It is commonly stated in the computer graphics literature that normals are transformed using the transpose of the inverse, often without explanation.

\[\V{n}'=(\M{M}^{-1})^T\cdot\V{n}\]This bears some discussion. Consider a *plane equation*.

This equation defines the set of all points $(x, y, z)$ that fall on the plane $(a, b, c, d)$. This plane faces along the vector $(a, b, c)$ at a distance $d$ to the origin.

For example, if the top of your desk is 75 cm off the floor then $y=0.75$ m for all points on the surface of your desk. The normal vector of the top of your desk faces up, $(0, 1, 0)$, so

\[0\,x + 1\,y + 0\,z - 0.75 = 0\]While we often think of the plane equation as the dot product of two vectors, it's enlightening to phrase it as a matrix product.

\[\begin{bmatrix} a & b & c & d\end{bmatrix}\cdot \begin{bmatrix} x \\ y \\ z \\ 1\end{bmatrix} = 0\]Here, a position is represented as a column vector, while a plane is represented as a row vector. Take this to be the case universally.

Now, assume the plane equation holds for a vector $\V{v}=[x, y, z, 1]^T$ and a plane $\V{p}=[a, b, c, d]$. Position $\V{v}$ falls within plane $\V{p}$.

\[\V{p}\cdot\V{v}=0\]Let's transform $\V{v}$.

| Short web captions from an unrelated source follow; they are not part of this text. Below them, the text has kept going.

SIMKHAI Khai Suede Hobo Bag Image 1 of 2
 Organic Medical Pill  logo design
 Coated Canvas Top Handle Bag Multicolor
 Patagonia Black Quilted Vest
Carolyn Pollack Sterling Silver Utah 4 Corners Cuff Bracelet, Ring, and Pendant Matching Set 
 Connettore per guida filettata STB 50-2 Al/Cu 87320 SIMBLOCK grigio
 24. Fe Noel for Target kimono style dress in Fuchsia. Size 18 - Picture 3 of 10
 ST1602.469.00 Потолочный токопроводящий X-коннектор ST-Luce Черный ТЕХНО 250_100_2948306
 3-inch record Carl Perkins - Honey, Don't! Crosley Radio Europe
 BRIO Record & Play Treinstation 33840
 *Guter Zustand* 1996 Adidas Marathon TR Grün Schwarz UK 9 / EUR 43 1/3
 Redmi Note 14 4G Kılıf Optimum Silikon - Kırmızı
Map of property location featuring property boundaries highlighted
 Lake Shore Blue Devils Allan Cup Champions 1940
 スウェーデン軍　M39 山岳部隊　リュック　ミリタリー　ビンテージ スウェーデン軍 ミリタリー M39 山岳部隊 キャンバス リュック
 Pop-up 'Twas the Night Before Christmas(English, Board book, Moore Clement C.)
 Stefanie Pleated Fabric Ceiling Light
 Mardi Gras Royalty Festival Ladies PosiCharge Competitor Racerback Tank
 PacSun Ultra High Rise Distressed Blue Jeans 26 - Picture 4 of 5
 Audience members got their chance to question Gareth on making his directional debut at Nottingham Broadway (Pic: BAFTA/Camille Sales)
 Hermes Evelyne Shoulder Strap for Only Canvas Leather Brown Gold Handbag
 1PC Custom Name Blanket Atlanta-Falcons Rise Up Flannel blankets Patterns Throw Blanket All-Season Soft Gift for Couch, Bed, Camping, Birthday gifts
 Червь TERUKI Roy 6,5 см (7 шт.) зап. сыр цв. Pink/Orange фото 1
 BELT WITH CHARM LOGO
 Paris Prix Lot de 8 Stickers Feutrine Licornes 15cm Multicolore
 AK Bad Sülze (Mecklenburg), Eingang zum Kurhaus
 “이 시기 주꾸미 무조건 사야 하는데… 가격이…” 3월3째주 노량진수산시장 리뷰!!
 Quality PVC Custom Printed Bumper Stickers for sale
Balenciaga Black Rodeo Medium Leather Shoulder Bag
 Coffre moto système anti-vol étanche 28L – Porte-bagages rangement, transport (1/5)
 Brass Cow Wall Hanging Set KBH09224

\[\V{v}'=\M{M}\cdot\V{v}\]The equation no longer holds for that same $\V{p}$.

\[\V{p}\cdot\V{v}'=\V{p}\cdot\M{M}\cdot\V{v}\neq 0\]But we can fix it by introducing the transform inverse, which cancels out the transformation of the position.

\[\V{p}\cdot\M{M}^{-1}\cdot\M{M}\cdot\V{v}=0\]From this we can see that if we transform of plane $\V{p}$ like so,

\[\V{p}'=\V{p}\cdot\M{M}^{-1}\]then the plane equation holds for the transformed position and transformed plane.

\[\V{p}'\cdot\V{v}'=0\]This, therefore, is how planes should transform: multiplied on the left of the inverse matrix.

But the incumbent mechanisms of computer graphics don't do transformation of row vectors on the left, they do transformation of column vectors on the right. We accommodate this and change a plane transformation into a position transformation simply by taking the transpose of both sides of the equation.

\[(\V{p}')^T=(\V{p}\cdot\M{M}^{-1})^T\] \[(\V{p}')^T=(\M{M}^{-1})^T\cdot(\V{p})^T\]In this way, a plane can be treated like a position.

A normal vector, being an *orientation*, behaves as a plane rather than a position, with the fourth component $d=0$. As such, it's transformed by the transpose of the inverse.